**WORK REQUIRED**
When a line in the records contains the string "Door", copy that line.

**PROVIDED RECORDS**
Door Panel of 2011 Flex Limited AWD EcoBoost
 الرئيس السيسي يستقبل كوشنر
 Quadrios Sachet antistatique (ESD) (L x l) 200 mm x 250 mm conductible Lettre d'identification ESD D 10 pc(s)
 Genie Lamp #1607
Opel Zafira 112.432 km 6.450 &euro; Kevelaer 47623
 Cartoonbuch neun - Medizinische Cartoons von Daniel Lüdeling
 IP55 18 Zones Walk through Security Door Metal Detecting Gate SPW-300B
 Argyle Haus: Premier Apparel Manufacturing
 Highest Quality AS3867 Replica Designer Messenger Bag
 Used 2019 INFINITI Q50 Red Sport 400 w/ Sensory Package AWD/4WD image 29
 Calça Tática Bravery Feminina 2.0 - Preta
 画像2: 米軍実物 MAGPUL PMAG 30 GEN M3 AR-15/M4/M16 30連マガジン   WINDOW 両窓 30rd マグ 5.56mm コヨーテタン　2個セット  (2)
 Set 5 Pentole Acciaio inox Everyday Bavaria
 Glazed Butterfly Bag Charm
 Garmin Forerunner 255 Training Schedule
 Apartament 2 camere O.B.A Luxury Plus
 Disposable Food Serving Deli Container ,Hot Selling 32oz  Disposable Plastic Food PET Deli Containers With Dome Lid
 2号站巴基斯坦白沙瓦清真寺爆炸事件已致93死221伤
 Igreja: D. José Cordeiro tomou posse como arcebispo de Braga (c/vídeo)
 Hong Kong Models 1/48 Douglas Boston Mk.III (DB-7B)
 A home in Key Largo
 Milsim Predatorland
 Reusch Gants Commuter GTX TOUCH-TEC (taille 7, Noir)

**WRITTEN ANSWER**
Door Panel of 2011 Flex Limited AWD EcoBoost
 IP55 18 Zones Walk through Security Door Metal Detecting Gate SPW-300B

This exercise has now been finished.